TASK DETAILS
Repeat the data exactly as given below, dropping every picture.

= = = = =

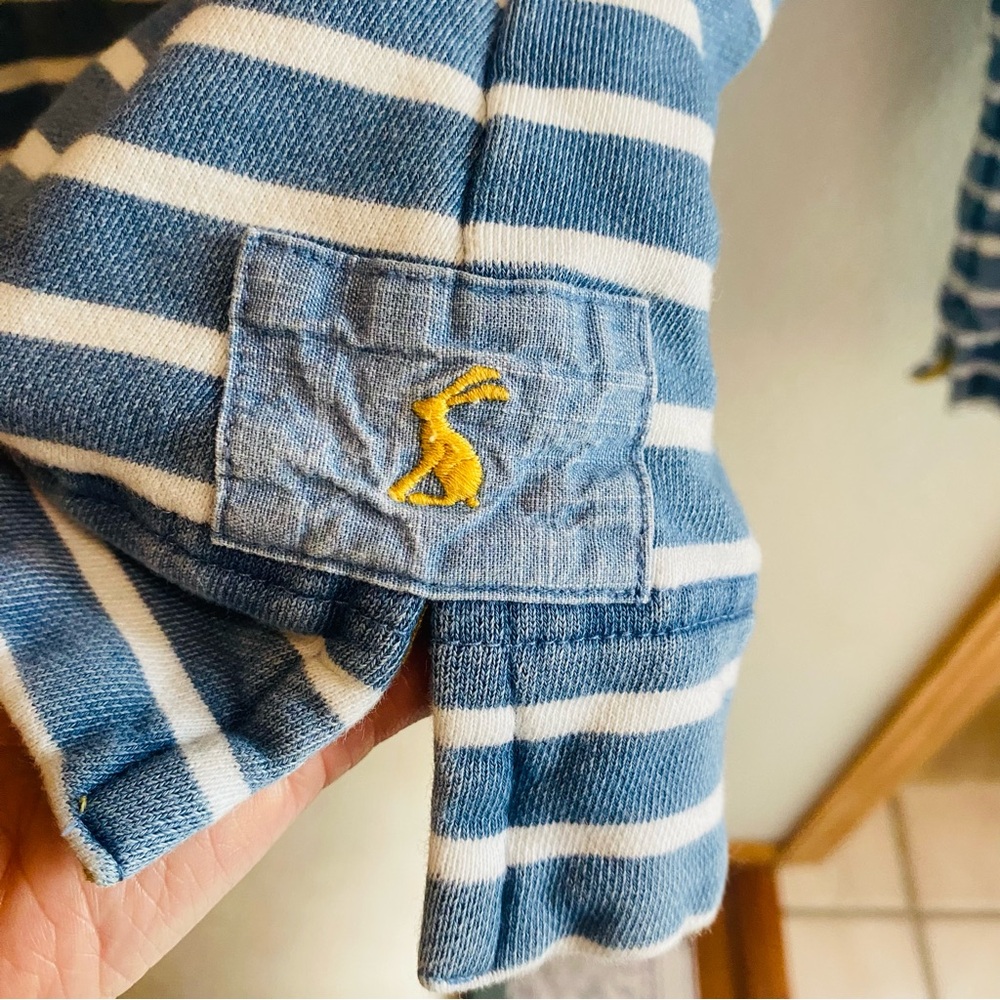 JOULES Saunton Stripe Saltwash Funnel Neck Sweatshirt - Picture 5 of 8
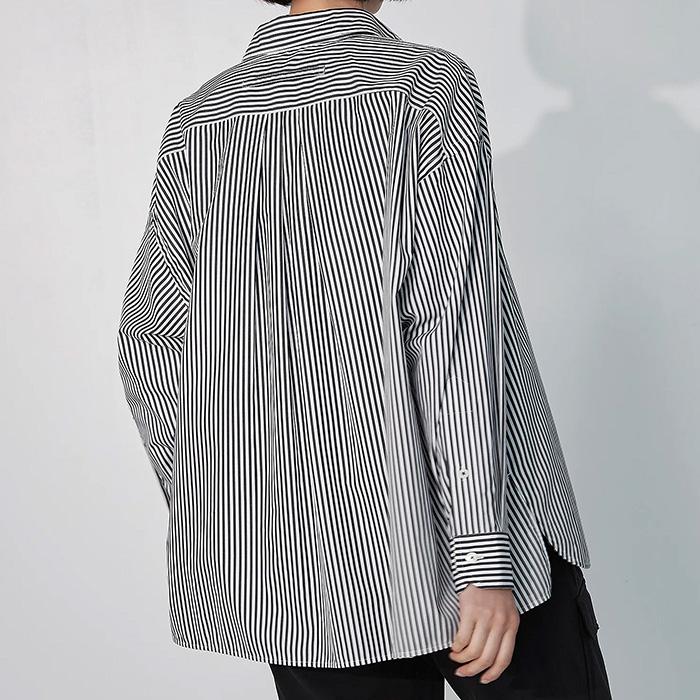 TICCA（ティッカ） レディース スクエアビッグシャツ コットン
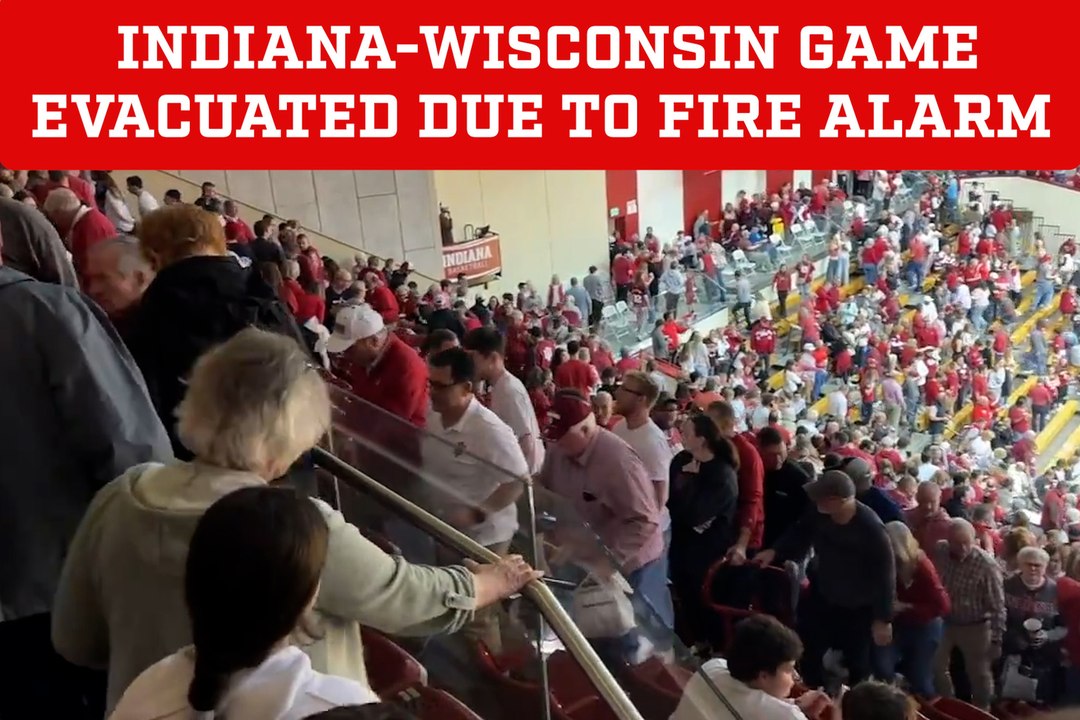 Indiana-Wisconsin game evacuated due to a fire alarm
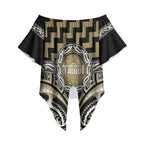 Aotearoa Waikato Tainui Personalised Off Shoulder Wrap Waist Top Maori Iwi Poutama Puhoro Tattoo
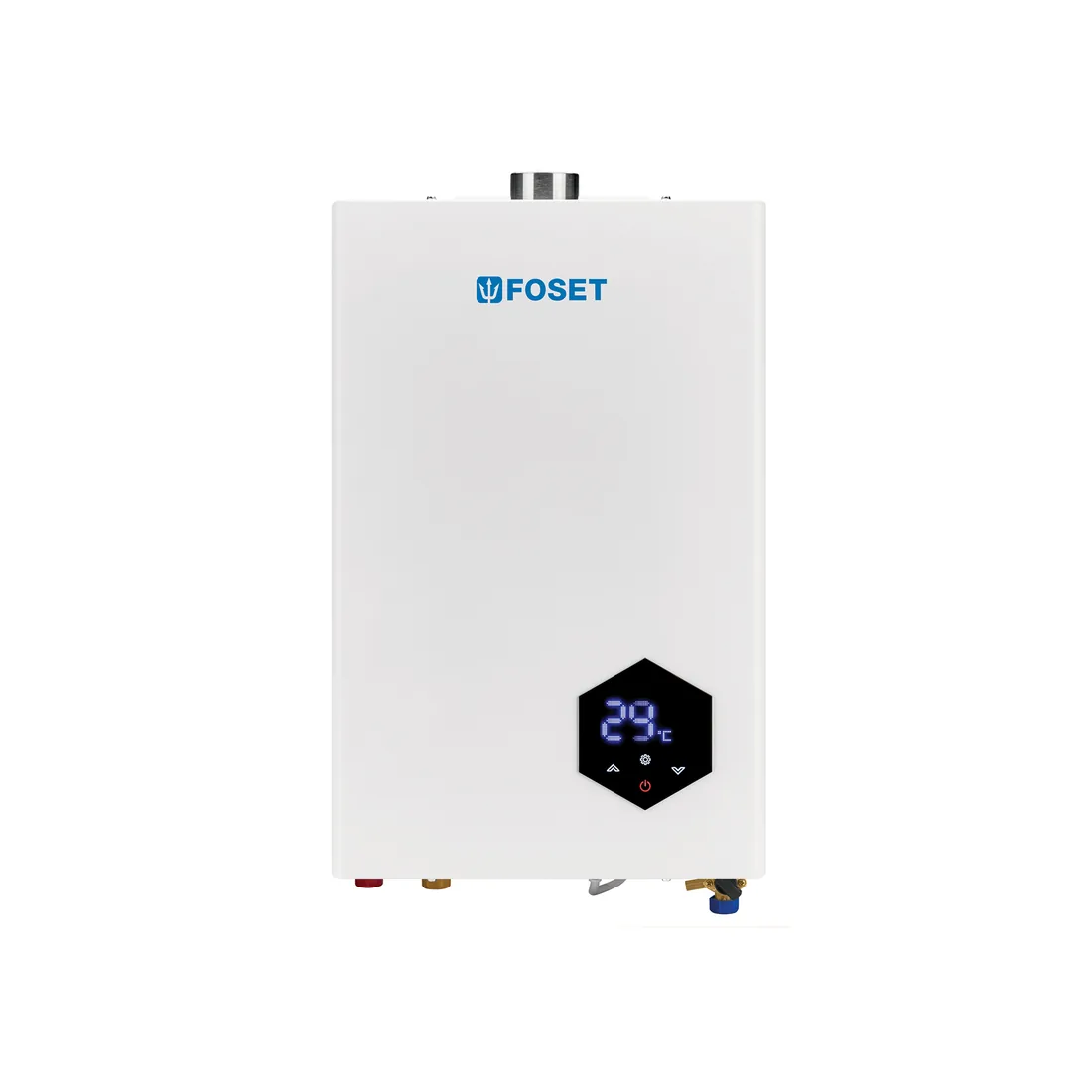 Calentador instantáneo modulante, 16L, 3 serv, gas LP, FOSET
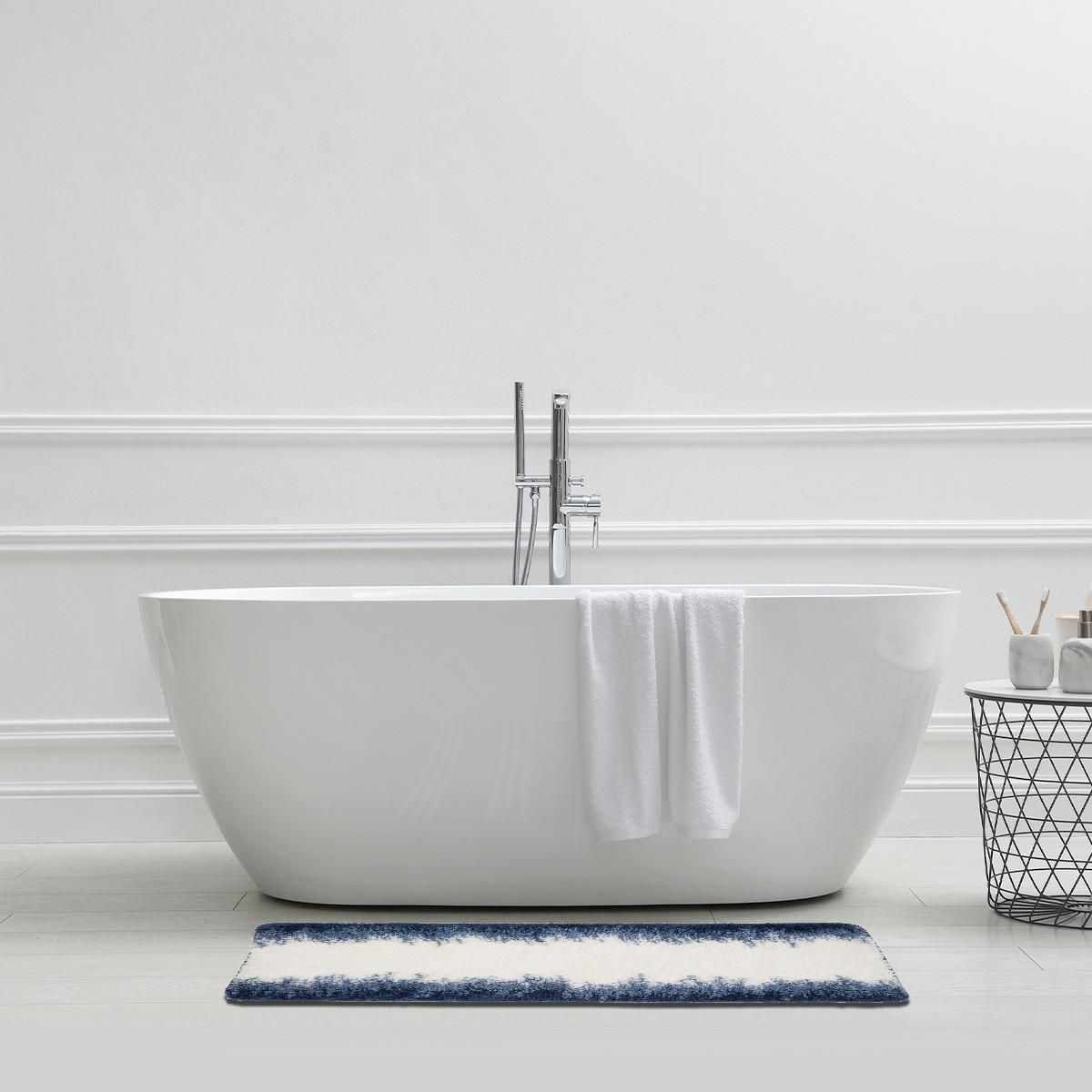 GUY LEVASSEUR Tapis de bain déco en polyester 60x120cm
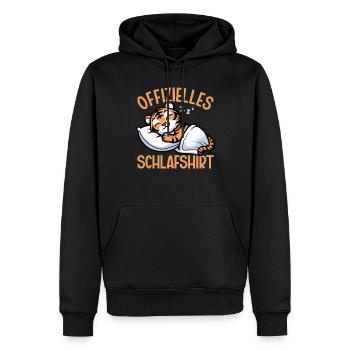 Offizielles Schlafshirt Tiger Tigerliebhaber - Männer Premium Bio Hoodie - Schwarz - Vorne - Nico (187cm)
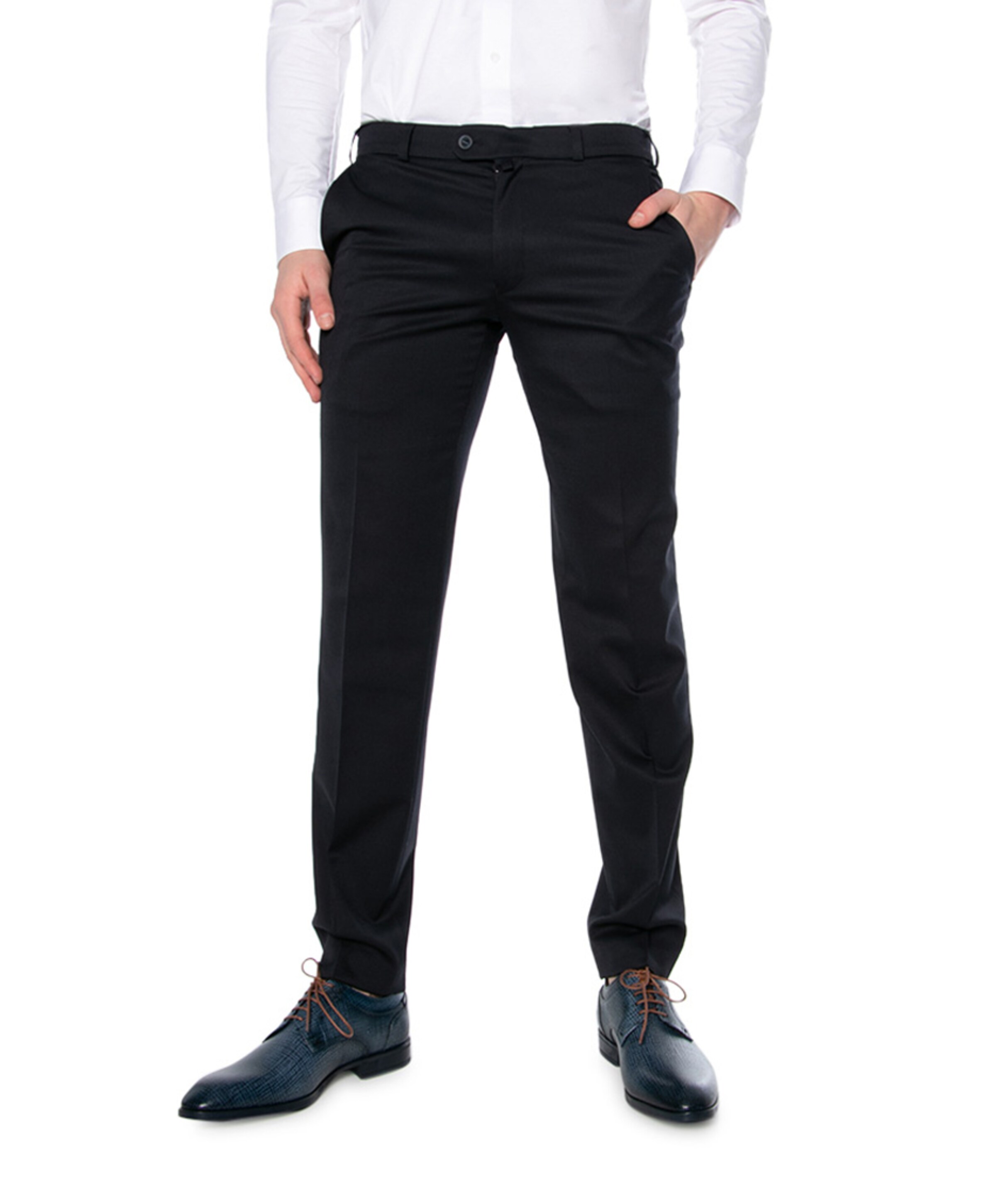 Madrid heren pantalon blauw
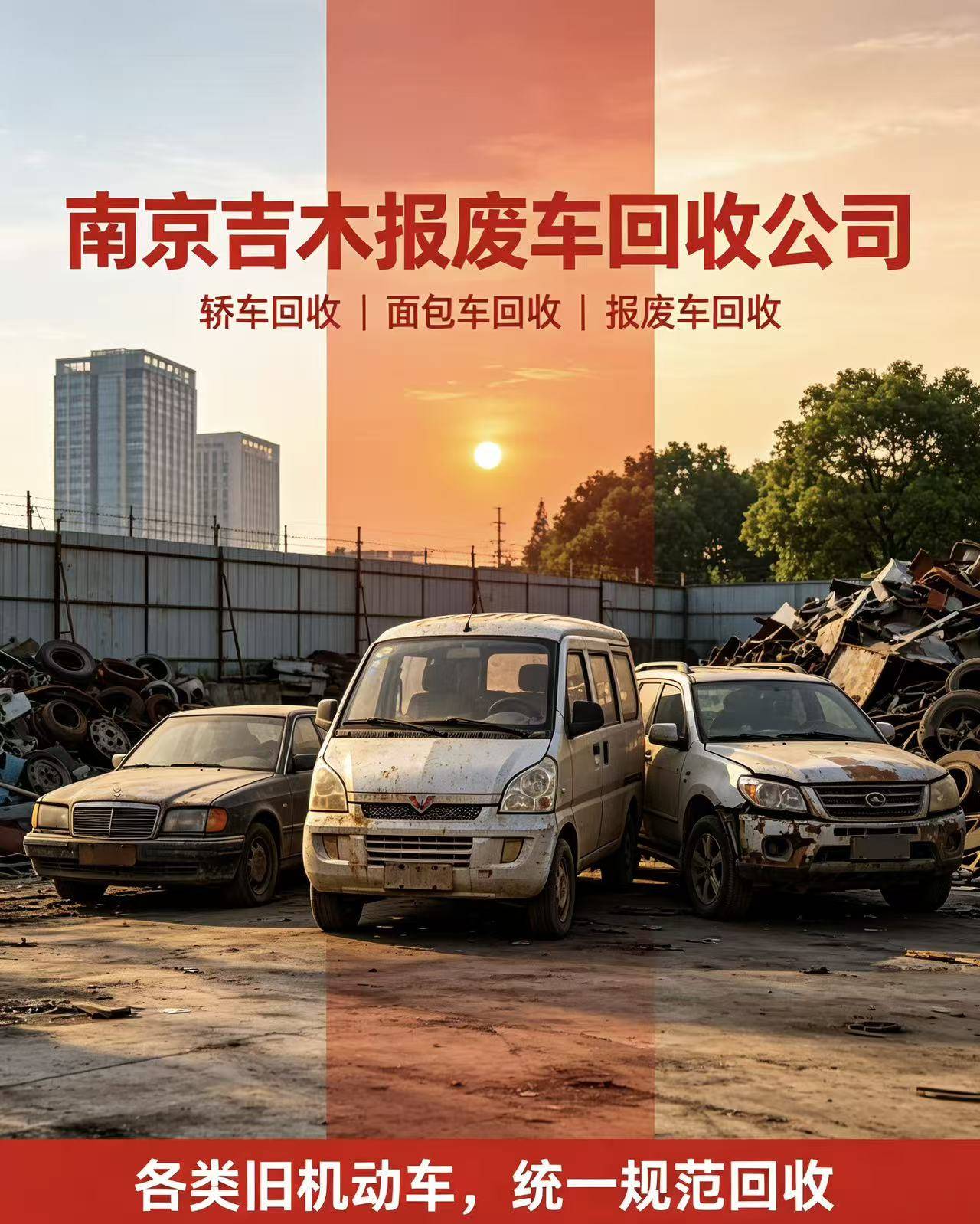 玄武报废车回收现场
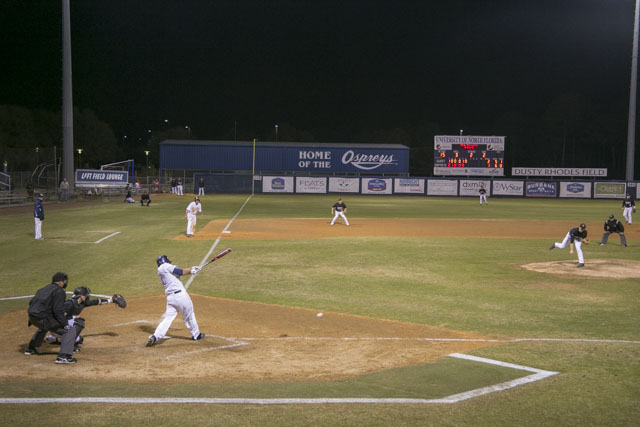 Ryan Roberson (9) takes a swing at the ball.   Photo by Camille Shaw 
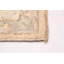 Tapis beige en laine noué à la main de conception unique 8 pi 1 po x 9 pi 11 po New Age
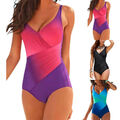 Damen Sommer Bikini Badeanzug Bauchweg Einteiler Monokini Bademode Schwimmanzug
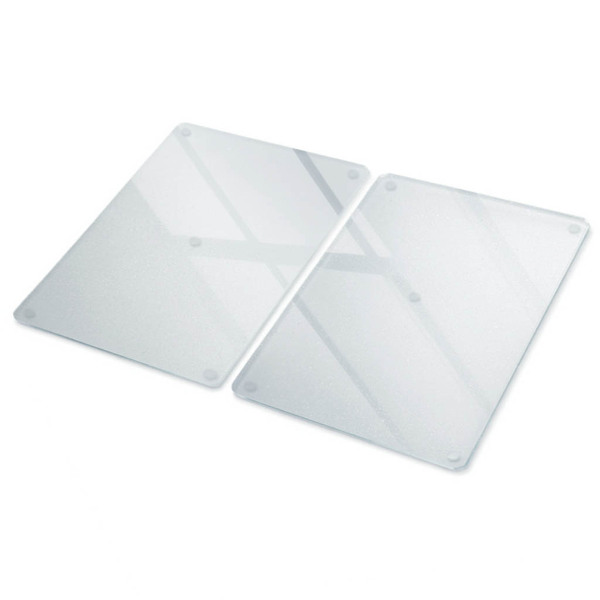 Tagliere in vetro temperato doppio, set da 2 pezzi da 40 x 52 cm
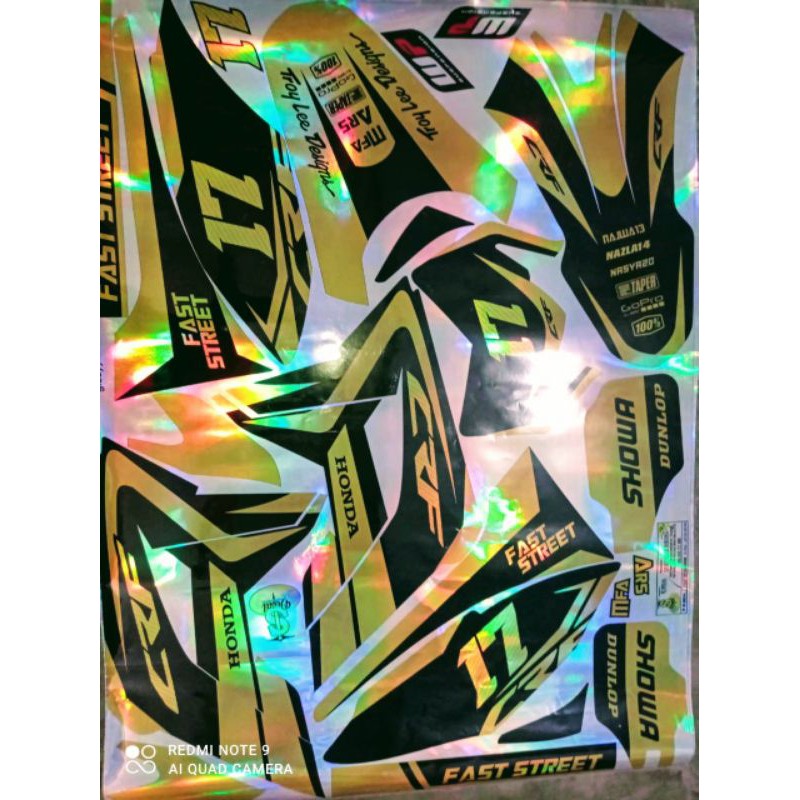 decal stiker hologram custom crf motor  150L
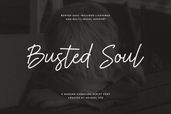 Busted Soul Signature Font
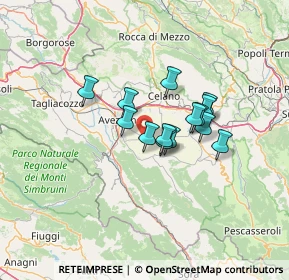 Mappa Strada 40, 67056 Luco dei Marsi AQ, Italia (9.66286)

= = = = =

TASK ANSWER
 JOULES Saunton Stripe Saltwash Funnel Neck Sweatshirt - Picture 5 of 8
 TICCA（ティッカ） レディース スクエアビッグシャツ コットン
 Indiana-Wisconsin game evacuated due to a fire alarm
 Aotearoa Waikato Tainui Personalised Off Shoulder Wrap Waist Top Maori Iwi Poutama Puhoro Tattoo
 Calentador instantáneo modulante, 16L, 3 serv, gas LP, FOSET
 GUY LEVASSEUR Tapis de bain déco en polyester 60x120cm
 Offizielles Schlafshirt Tiger Tigerliebhaber - Männer Premium Bio Hoodie - Schwarz - Vorne - Nico (187cm)
 Madrid heren pantalon blauw
 玄武报废车回收现场
 Ryan Roberson (9) takes a swing at the ball.   Photo by Camille Shaw 
 Tapis beige en laine noué à la main de conception unique 8 pi 1 po x 9 pi 11 po New Age
 Damen Sommer Bikini Badeanzug Bauchweg Einteiler Monokini Bademode Schwimmanzug
 Tagliere in vetro temperato doppio, set da 2 pezzi da 40 x 52 cm
 decal stiker hologram custom crf motor  150L
 Busted Soul Signature Font
 Mappa Strada 40, 67056 Luco dei Marsi AQ, Italia (9.66286)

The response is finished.